Canada's economy has outperformed Governing Council expectations in recent months with consumption growing faster than imagined at the time of the April forecast round while inflation pressures have been slower to recede in the domestic services sector than had been anticipated.

"While the Bank expects consumer spending to slow in response to the cumulative increase in interest rates, recent retail trade and other data suggest more persistent excess demand in the economy," the Governing Council said in a statement

"We will be evaluating whether the evolution of excess demand, inflation expectations, wage growth and corporate pricing behaviour are consistent with achieving the 2% inflation target.
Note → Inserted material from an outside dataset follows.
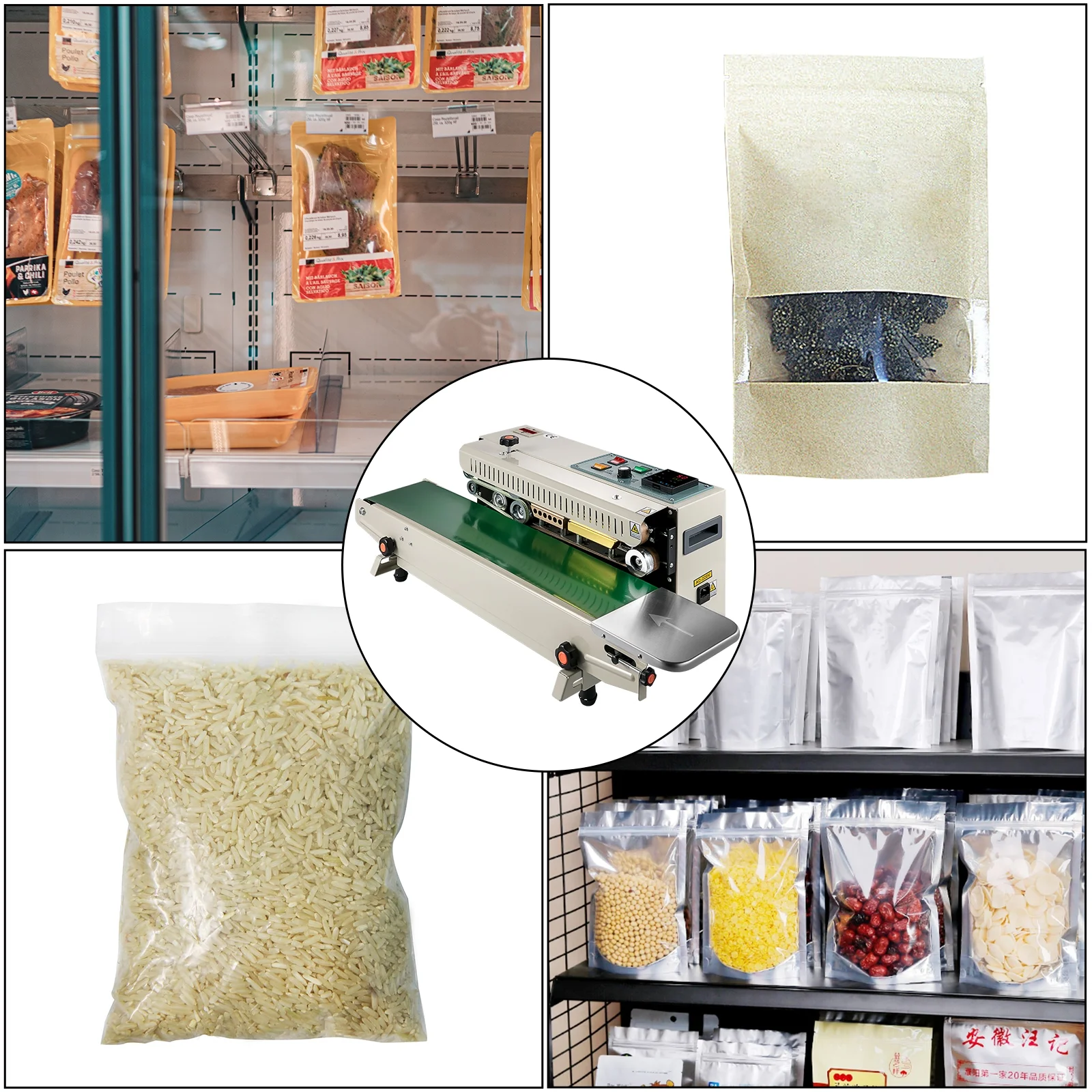 BENTISM Continuous Bag Band Sealing Machine FR900K, Band Sealer Machine with Digital Temperature Control Horizontal Bag Sealer for 0.02-0.08 mm Plastic Bags Continuous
The Bank remains resolute in its commitment to restoring price stability for Canadians," it concluded. 

The BoC raised the cash rate from 4.75% to 5% on Wednesday in what was a modest upside surprise relative to the levels prevailing in the overnight index swap market, and one that erases the yield premium Sterling had enjoyed since the Bank of England (BoE) raised Bank Rate to 5% last month


Above: Pound to Canadian Dollar rate shown at 15-minute intervals alongside USD/CAD. 



 

Rates asked and offered in the swap market had implied around a two-thirds probability of an increase this week and an even higher risk of one further uplift by year-end.

"A continued hawkish tone within today's statement suggests that risks are skewed towards another hike after the summer," says Andrew Grantham, an economist at CIBC Capital Markets, in a note following the decision. 

"However, after setting their forecasts for GDP growth quite low in prior MPR's, the bar set in today's updated forecast doesn't seem quite as low," he adds. 

Grantham says Wednesday's new forecasts are more likely to be underperformed than they are outperformed and expects this kind of development would see the cash rate left unchanged from here onward, leaving much to be determined by the data emerging in the weeks and months ahead. 

Wednesday's increase was the second since January's "conditional pause" of the monetary tightening cycle was interrupted in June when the BoC raised the cash rate from 4.5% to 4.75% after a flurry of economic figures led the bank to worry about inflation persisting at too high levels. 


Above: Pound to Canadian Dollar rate shown at daily intervals alongside USD/CAD. 



 

"In light of the accumulation of evidence that excess demand and elevated core inflation are both proving more persistent, and taking into account its revised outlook for economic activity and inflation, Governing Council decided to increase the policy interest rate to 5%," the BoC said on Wednesday.

Statistics Canada said just last Friday that employment rebounded from an earlier slump in June while in the prior week, it announced a pick-up in retail sales during April that helped the economy make a strong start to the second quarter.

But most importantly of all for the BoC, inflation has not yet fallen far enough for Governing Council members to be confident of it returning to the 2% target sufficiently soo, though it has made more progress toward its inflation target than many others including the Bank of England. 

"While CPI inflation has come down largely as expected so far this year, the downward momentum has come more from lower energy prices, and less from easing underlying inflation," the BoC said on Wednesday. 

"With the large price increases of last year out of the annual data, there will be less near-term downward momentum in CPI inflation. Moreover, with three-month rates of core inflation running around 3½-4% since last September, underlying price pressures appear to be more persistent than anticipated," it added.